__Task description__
Your task is to gather the lines below that hold the string "from".
***
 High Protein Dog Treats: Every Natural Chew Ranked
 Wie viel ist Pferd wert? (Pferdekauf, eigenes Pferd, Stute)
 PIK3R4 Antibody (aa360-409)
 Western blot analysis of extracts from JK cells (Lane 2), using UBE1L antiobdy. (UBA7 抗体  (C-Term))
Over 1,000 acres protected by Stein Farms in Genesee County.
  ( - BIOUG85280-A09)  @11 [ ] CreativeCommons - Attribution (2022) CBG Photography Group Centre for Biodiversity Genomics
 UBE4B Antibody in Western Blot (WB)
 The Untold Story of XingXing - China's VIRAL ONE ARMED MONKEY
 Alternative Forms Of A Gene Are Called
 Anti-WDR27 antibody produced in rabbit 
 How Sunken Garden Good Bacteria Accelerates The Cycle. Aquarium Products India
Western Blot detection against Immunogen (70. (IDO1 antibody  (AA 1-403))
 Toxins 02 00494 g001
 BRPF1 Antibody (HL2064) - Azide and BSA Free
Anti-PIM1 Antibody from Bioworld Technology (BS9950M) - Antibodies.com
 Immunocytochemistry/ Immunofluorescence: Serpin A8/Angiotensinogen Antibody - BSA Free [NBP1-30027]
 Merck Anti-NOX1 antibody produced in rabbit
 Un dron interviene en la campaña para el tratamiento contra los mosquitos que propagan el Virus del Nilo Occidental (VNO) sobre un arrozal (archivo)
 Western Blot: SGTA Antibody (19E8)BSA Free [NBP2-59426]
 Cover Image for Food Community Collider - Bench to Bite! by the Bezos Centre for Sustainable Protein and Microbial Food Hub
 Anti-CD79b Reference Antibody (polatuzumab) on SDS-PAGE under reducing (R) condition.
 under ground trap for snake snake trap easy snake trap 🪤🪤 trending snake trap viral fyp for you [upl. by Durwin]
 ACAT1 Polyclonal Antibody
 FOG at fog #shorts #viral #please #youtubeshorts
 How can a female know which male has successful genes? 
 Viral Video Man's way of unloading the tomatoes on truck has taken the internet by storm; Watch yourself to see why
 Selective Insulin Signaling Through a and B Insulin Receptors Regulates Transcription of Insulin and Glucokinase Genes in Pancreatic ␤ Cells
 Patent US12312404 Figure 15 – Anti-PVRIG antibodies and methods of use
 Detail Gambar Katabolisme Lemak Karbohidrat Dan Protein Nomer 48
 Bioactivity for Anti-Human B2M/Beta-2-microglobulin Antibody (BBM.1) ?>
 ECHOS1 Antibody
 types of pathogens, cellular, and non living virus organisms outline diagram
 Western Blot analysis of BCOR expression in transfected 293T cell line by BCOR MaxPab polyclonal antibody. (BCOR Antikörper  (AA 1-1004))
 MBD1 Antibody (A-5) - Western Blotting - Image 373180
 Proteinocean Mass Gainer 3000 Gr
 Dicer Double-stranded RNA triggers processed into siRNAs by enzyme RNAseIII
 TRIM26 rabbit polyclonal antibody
***
__Answer to this exercise__
 Western blot analysis of extracts from JK cells (Lane 2), using UBE1L antiobdy. (UBA7 抗体  (C-Term))
Anti-PIM1 Antibody from Bioworld Technology (BS9950M) - Antibodies.com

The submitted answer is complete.